A Flying Horse

“To those in search of out-of-the-way places where may be found the quiet of the boundless prairie I would recommend Batcombe. Its situation at the foot of a curving line of steep chalk downs is most romantic; its approach from the South by a headlong road which drops over the green cliff is most fearsome. The village has long vanished, having fled apparently to escape the boredom of unutterable solitude, leaving behind a church, a farmhouse and a few cottages. The church stands quite alone at the bottom of the silent downs, which surround it on three sides. So steep are these grass-covered heights that from their summit it is possible to look down upon the flat roof of the tower. The church possesses a font of most archaic design, and many monuments which are evidently the work of village stonemasons who had vivid fancies in their brains.

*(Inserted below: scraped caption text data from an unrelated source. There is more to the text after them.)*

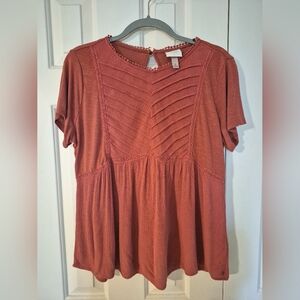 Dusty Rose Terracotta Top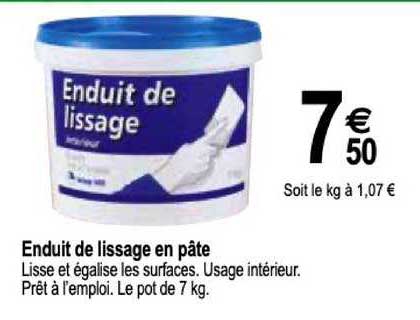 Enduit De Lissage En Pâte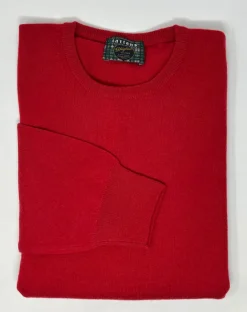 MAGLIONE "EDWARD" GIROCOLLO IN LANA E CASHMERE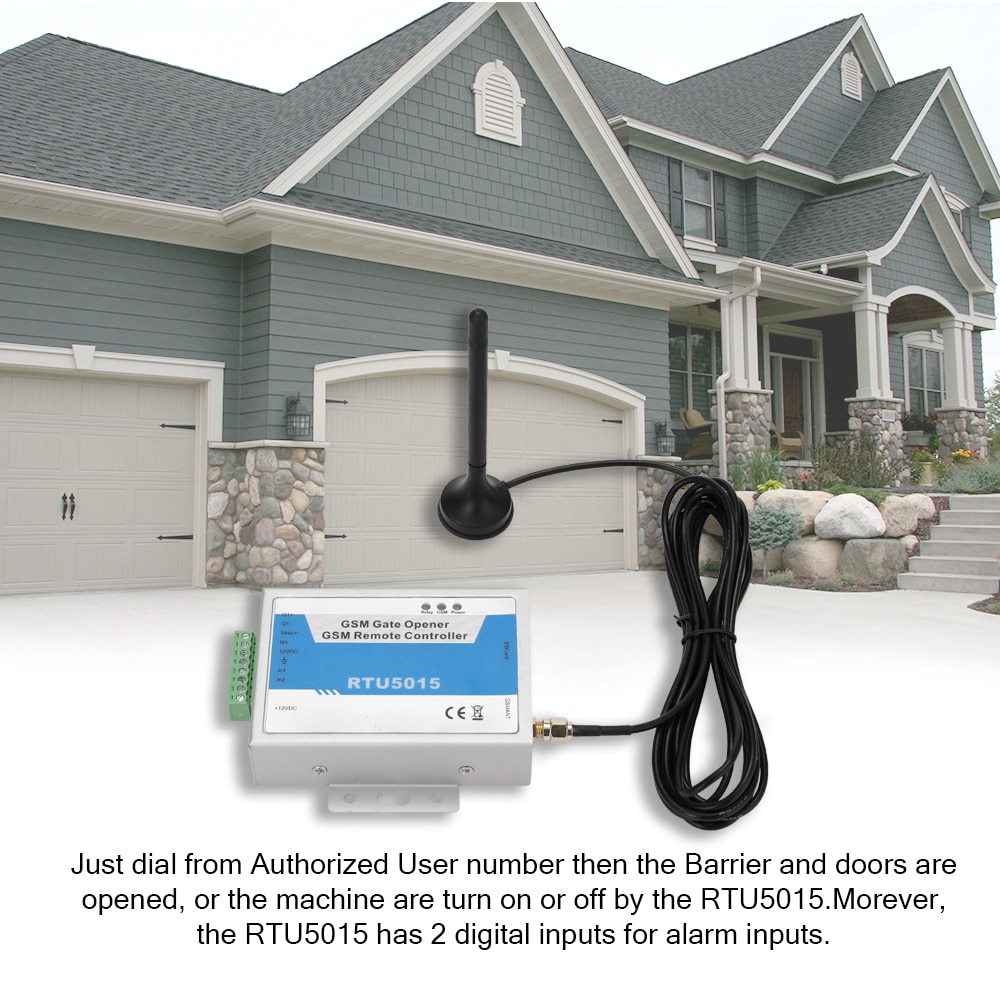 RTU5015 Verbeterde RTU5024 GSM Gate Deuropener Ope... Grandado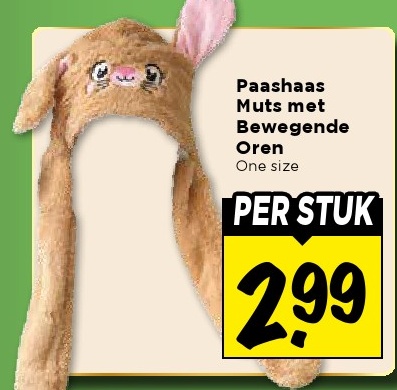 Paashaas Muts met Bewegende Oren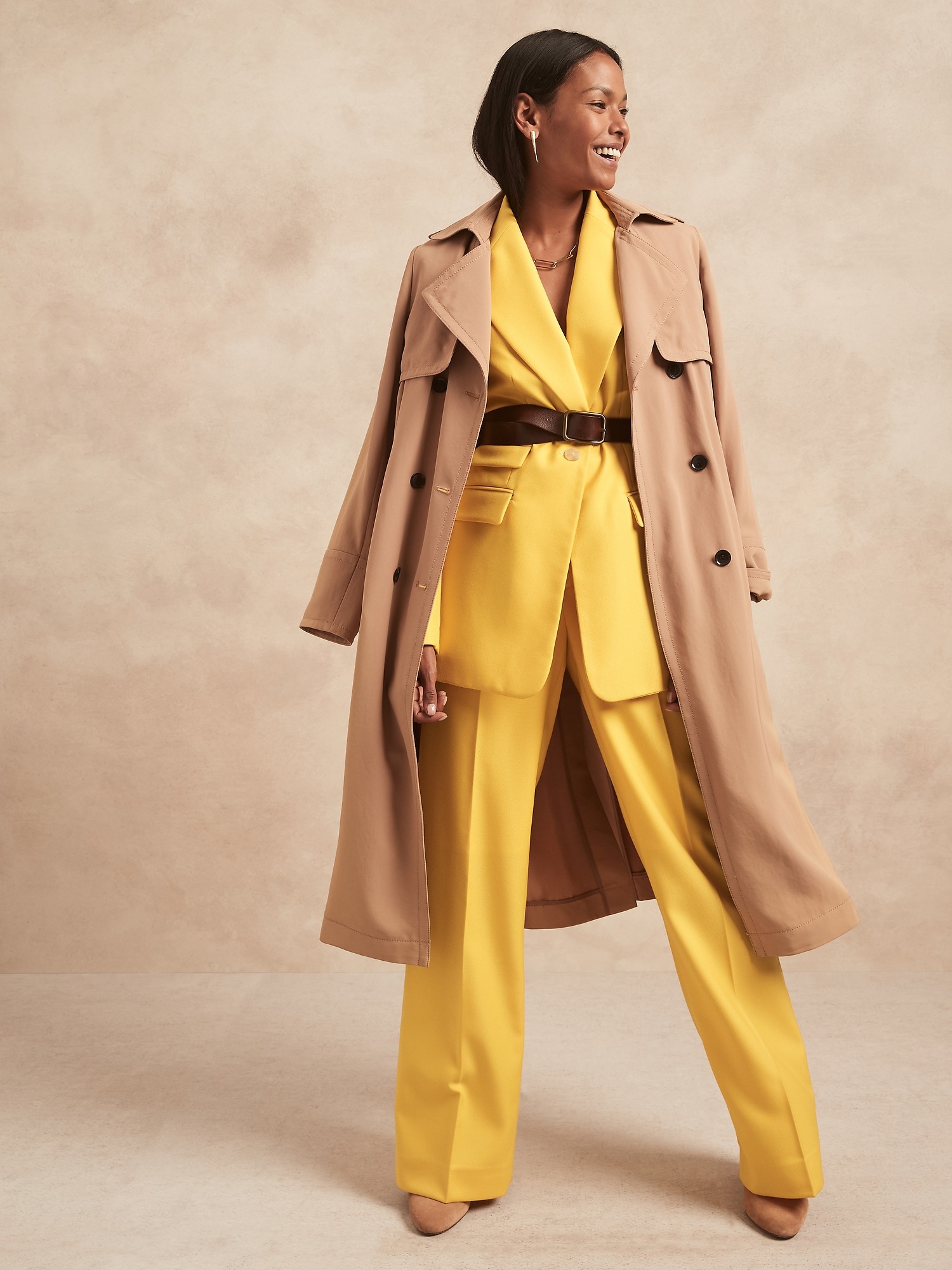Petite Sculpted-Fit Italian Wool Blazer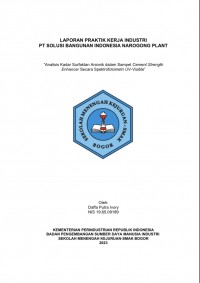 PT Solusi Bangun Indonesia, Narogong Plant : Analisis Kadar Surfaktan Anionik dalam Sampel Cement Strength Enhancer Secara Spektrofotometri UV-Visible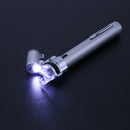 100x Metal Pen MG10085-9 Adjustable Microscope 3 LED Portable Tool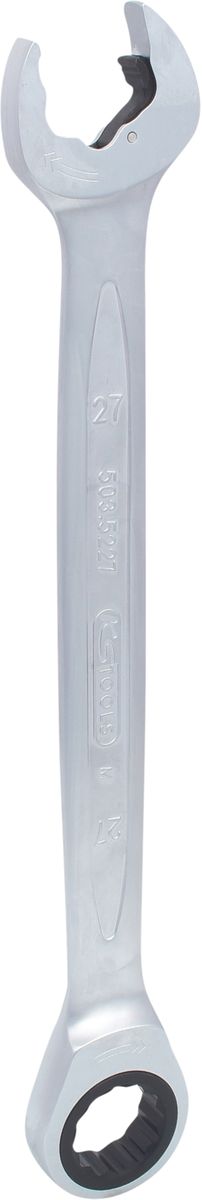 KS TOOLS DUO GEARplus Ringmaulschlüssel,Maul-Ratschenfunktion 27mm ( 503.5227 )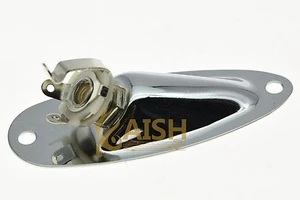 E Gitarre Wagenheber Platte ST Boot Jack Platte Chrom für Strat - Bild 1 von 2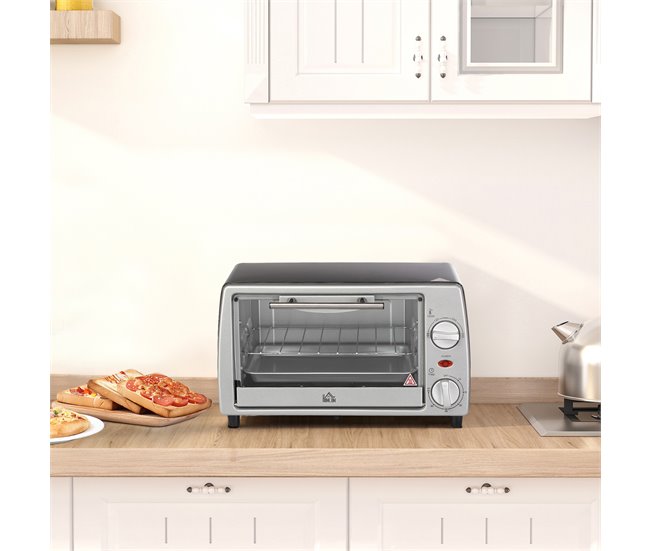 Horno Eléctrico Sobremesa Gris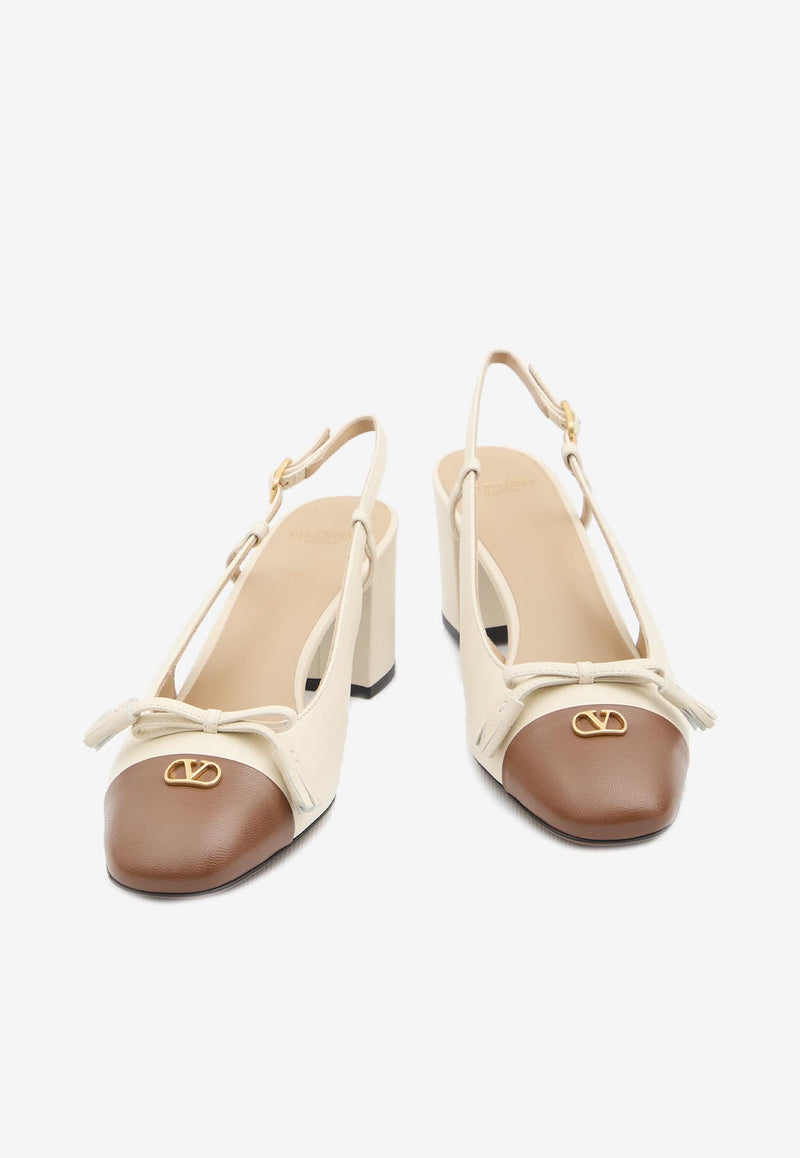 Valentino Valet Du Roi 60 Leather Slingback Pumps Butter 7W2S0MH9-DDT-AHA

On the embattled tower are four pinnacles, one at each corner. Until a few years ago there were only three. The fourth was knocked off by the hoof of the squire’s horse when that gentleman jumped from the crest of the down into the village, clearing the church and tower on his way. The squire, whose name was John Minterne, was better known as “Conjuring Minterne”. He had dealings with the devil, so the story goes, and the extraordinary feats he performed by the aid of this being must have kept the villagers in a state of chronic uneasiness. Possibly the uncanny habits of the squire led to the depopulation of the settlement. It is to be regretted that The Life and Times of Conjuring Minterne has not yet been written. Certain it is that he ceased to associate with the devil before he died, for he is buried in the churchyard, in holy ground. His bomb is pointed out with pride to any who turn aside to visit this quaint place. It is small and square and singularly carved, but lacks both name and date, as well as any record of this alarming man. In the church are wall tablets to Minterns: to a John Mintern who died in 1761, as well as to a John Minterne who “decesssed” in 1592. I am unable to say if either of these “decessed” squires can lay claim to the name Conjuring Minterne, nor do I know in what century the open-mouthed villagers gazed upon their lord of the manor floating over the church in his Batcombe-bred horse. I can only state that no conventicle in Dorset is better adapted for the performance of this particular feat.”